Energy services firm Petrofac said it was “well positioned” for the remainder of 2019, but warned of a drop in revenues ahead.
Pre-tax profits for the first half of the year were £157million, compared to a £42million loss in the same period in 2018, while revenues climbed slightly to £2.3bn from £2.26bn
Petrofac’s order backlog sits at £7billion, with a “busy tendering pipeline” ahead with £10.5billion worth of bid opportunities due for award in the second half of the year, reflecting the “improving market outlook”.
However, the firm said said revenues are expected to decrease as it moves into 2020, amid low levels of new orders in recent years.
Save for “exceptional items”, net profit declined to £125.5m from £156m in the first half of 2018.
The UK took in the majority of revenues from the Engineering & Production Services (EPS) side of the business, with £222.5million of a total £362.7m globally.
That included new awards and extensions in the first half of the year worth £163million, such as an extension for operations and maintenance support to Total in the UK, along with a new appointment with Tullow Oil for its Thames Decommissioning Project in the North Sea.
However the overall EPS segment saw net income drop by 15% to £18.7m.
Engineering and Construction brought the lion’s share of revenues at £1.8bn, but net profit for the segment was also down to £120.6m, compared to £144.2m at the same time last year.
Petrofac said new order intake in the year had been impacted by “recent challenges” in Saudi Arabia and Iraq.
The company gave no new details on the Serious Fraud Office (SFO) investigation into it, but said that no charges have been brought against the firm, any officers or current employees, adding that the case is “ongoing”.
The investigation was launched in 2017 by the SFO into suspected bribery, corruption, and/or money laundering.
In February this year, a former Petrofac employee admitted offences contrary to the Bribery Act 2010.
David Barclay, head of office at Brewin Dolphin Aberdeen said it has been a “tough 2019” for the firm and the next couple of years “could also prove to be difficult”.
Petrofac recognised £12.2m for “exceptional items” which relate to reorganisation and redundancy costs, disposal of its JFD6000 construction vessel and SFO legal fees, which compares to £169.4m in the first half of 2018.
Going forward, the group’s overall profitability is expected to be weighted to the first half, reflecting a decline in EPS margins and lower oil prices in the second half.
Meanwhile the Petrofac said it is “reviewing options” around the future of its non-core assets.

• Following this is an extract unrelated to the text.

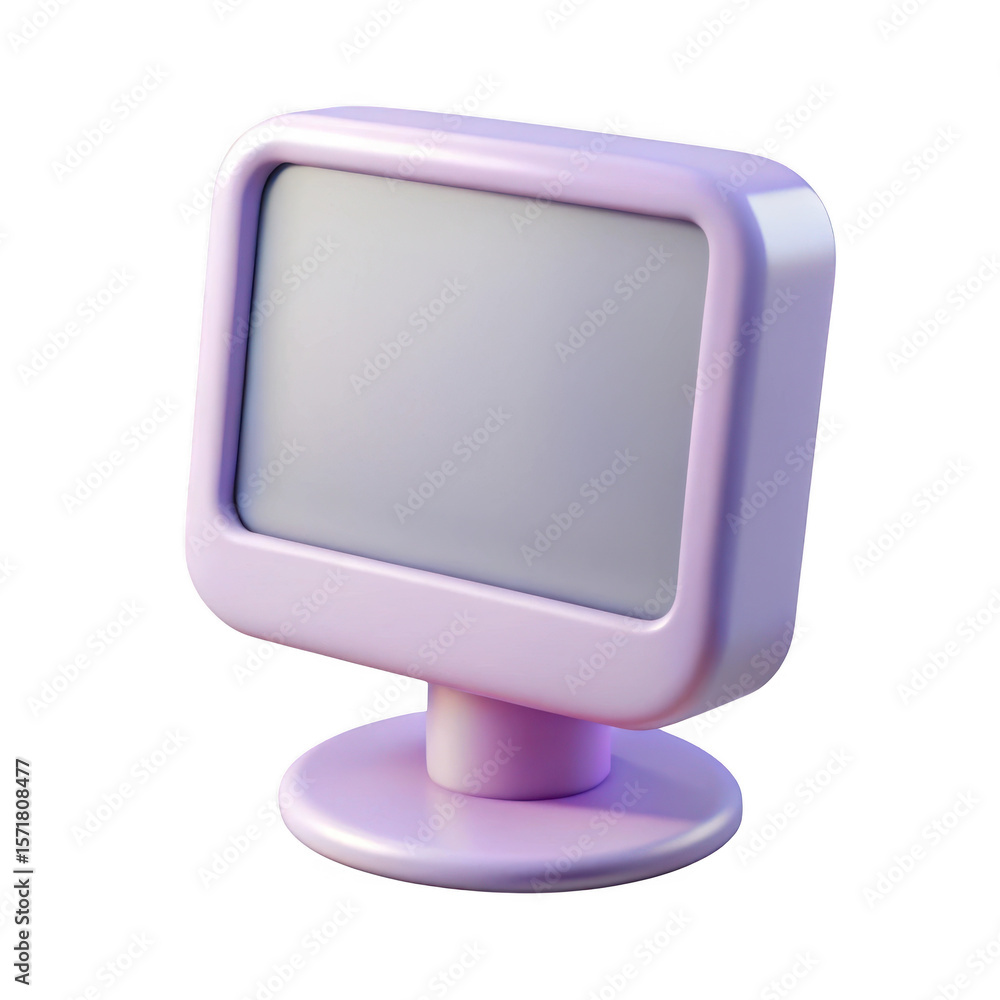 Aufkleber 3d retro monitor with rounded edges isolated on transparent background
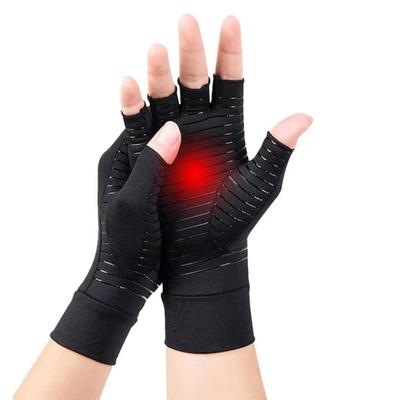 Ryohin Lab Gaming Gloves Wrist Finger Support Compression Sweat Absorption Quick Drying Heat Retention Gloves Fingerless For Both Hands Black 1 Pair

This follows a deal last year to sell its interest in the Greater Stella Area in the North Sea to Ithaca Energy.
CEO Ayman Asfari said: “Petrofac has delivered good results that reflect solid operational performance across the business.
“New order intake year to date has been impacted by recent challenges in Saudi Arabia and Iraq. Looking forward, the Group has a busy tendering pipeline with around US$13 billion of bid opportunities due for award in the second half of the year.
“We remain committed to our strategy of delivering best-in-class execution for our clients and enhancing returns for our shareholders by reducing costs, driving digitalisation, increasing local content, improving cash conversion and divesting non-core assets. These ongoing initiatives will improve our competitiveness in core and growth markets, as well as best position the business for a return to growth in the medium-term.”